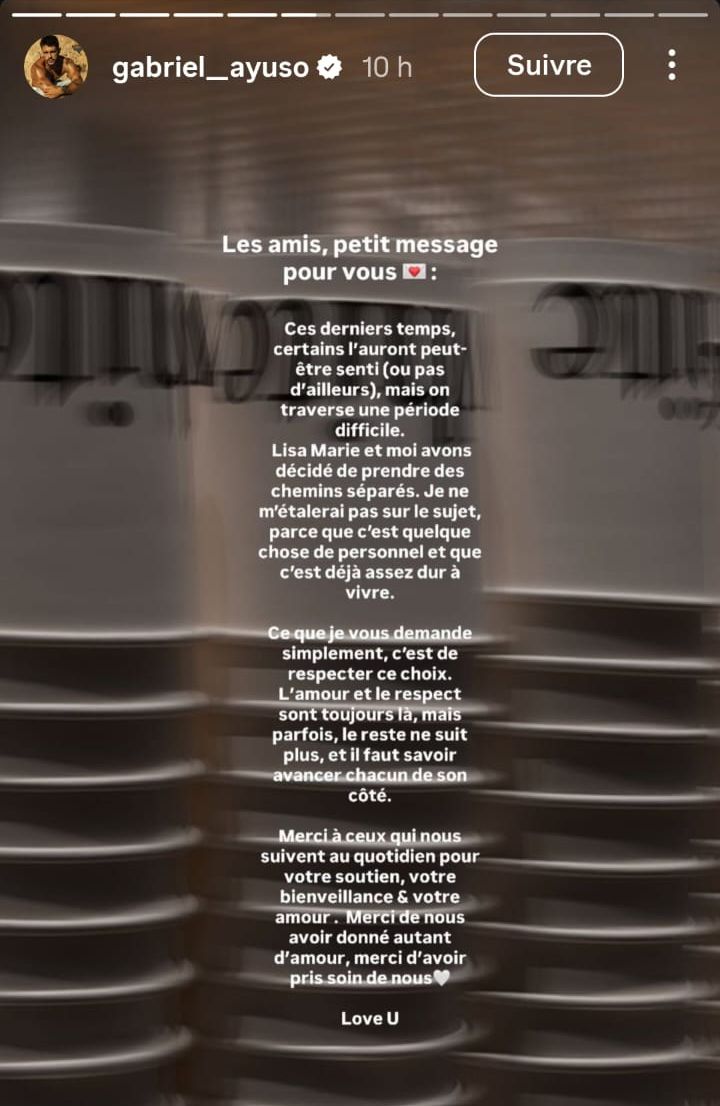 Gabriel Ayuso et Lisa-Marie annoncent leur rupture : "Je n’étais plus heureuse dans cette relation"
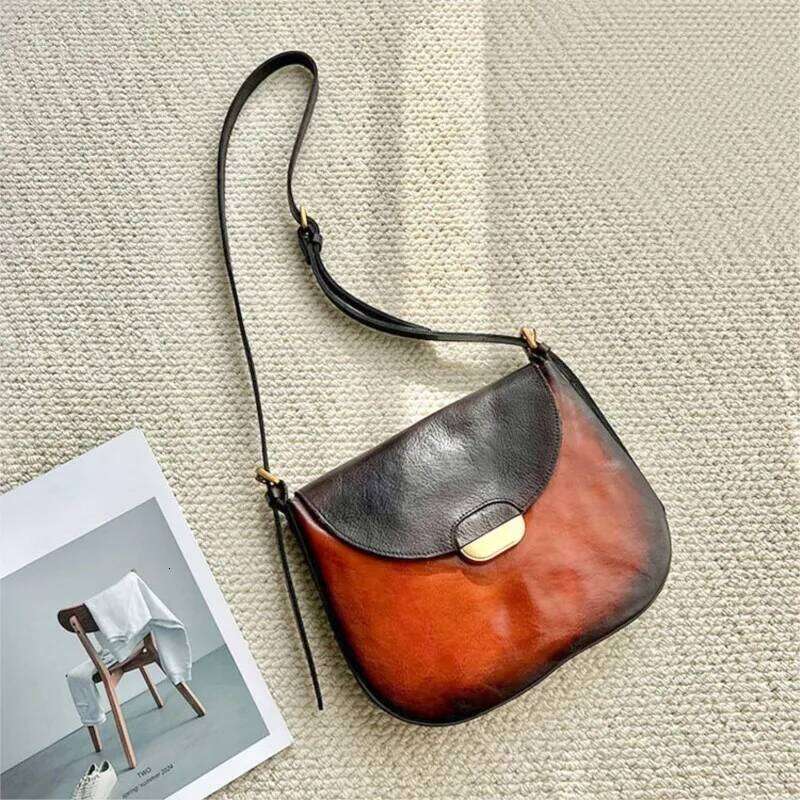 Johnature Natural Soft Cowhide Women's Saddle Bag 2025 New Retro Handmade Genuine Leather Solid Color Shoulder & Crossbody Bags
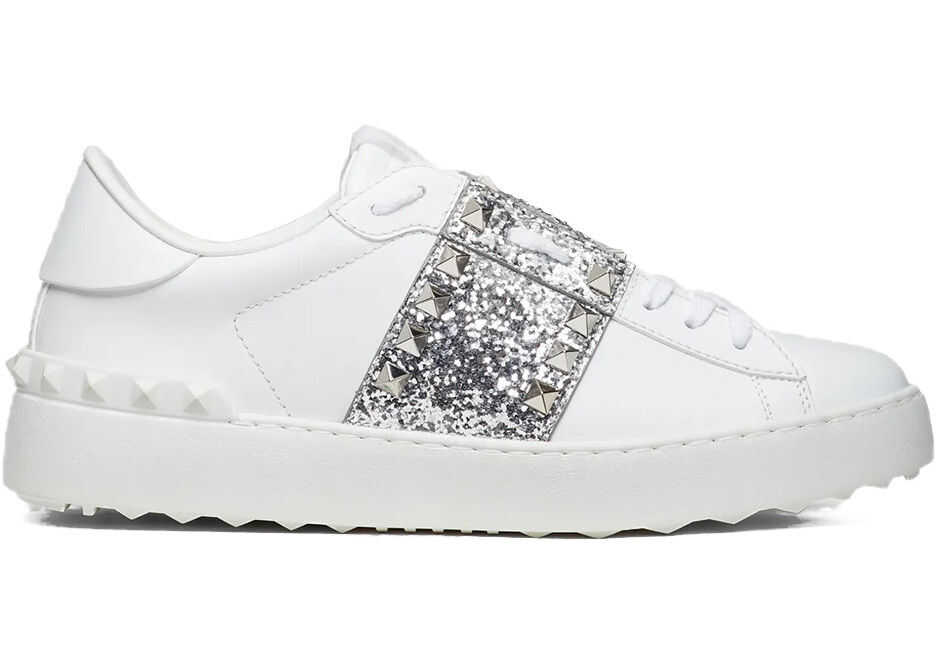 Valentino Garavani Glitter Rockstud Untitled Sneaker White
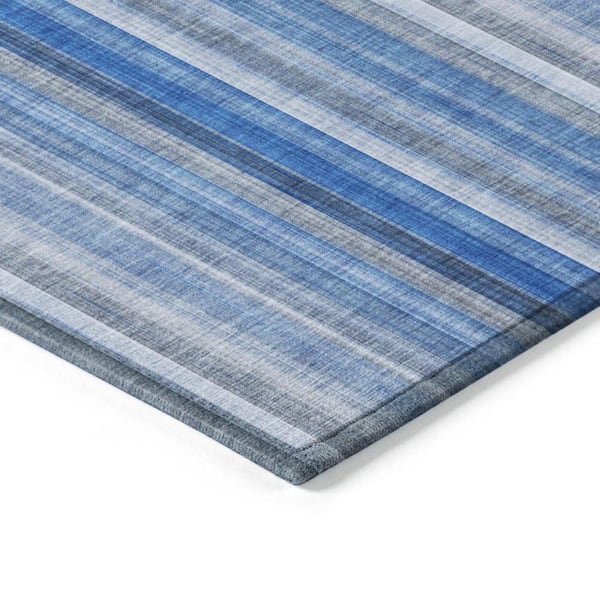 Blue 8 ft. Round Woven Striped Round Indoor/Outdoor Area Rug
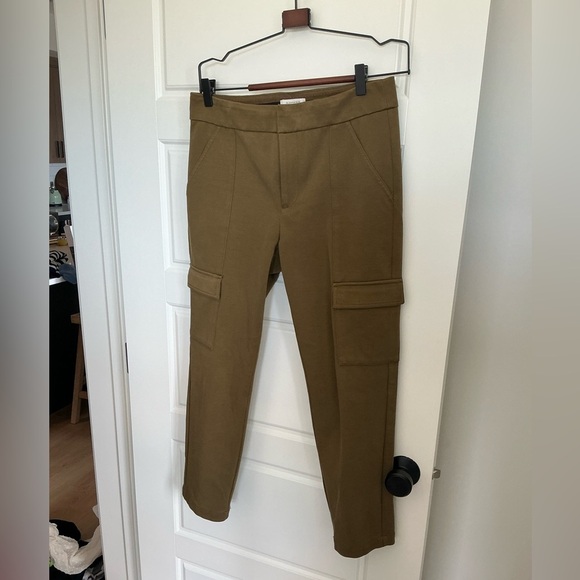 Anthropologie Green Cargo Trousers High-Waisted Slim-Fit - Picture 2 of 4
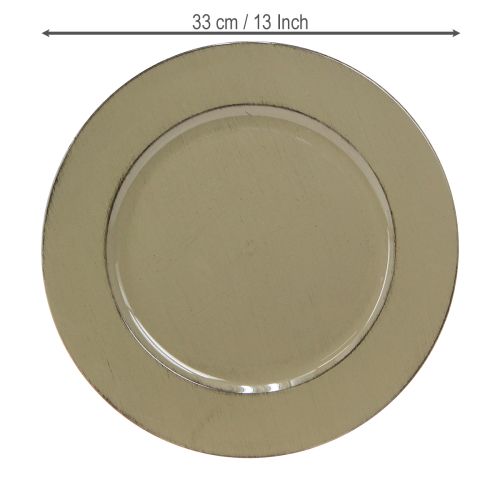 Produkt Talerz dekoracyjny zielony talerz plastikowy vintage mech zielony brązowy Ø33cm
·····
Your goal | Locate "Valentino Garavani Glitter" in the entries above. Copy, exactly and only, the lines from that line to the end, leaving out the pictures.

Problem solution |
 Valentino Garavani Glitter Rockstud Untitled Sneaker White
 Blue 8 ft. Round Woven Striped Round Indoor/Outdoor Area Rug
 Anthropologie Green Cargo Trousers High-Waisted Slim-Fit - Picture 2 of 4
 Produkt Talerz dekoracyjny zielony talerz plastikowy vintage mech zielony brązowy Ø33cm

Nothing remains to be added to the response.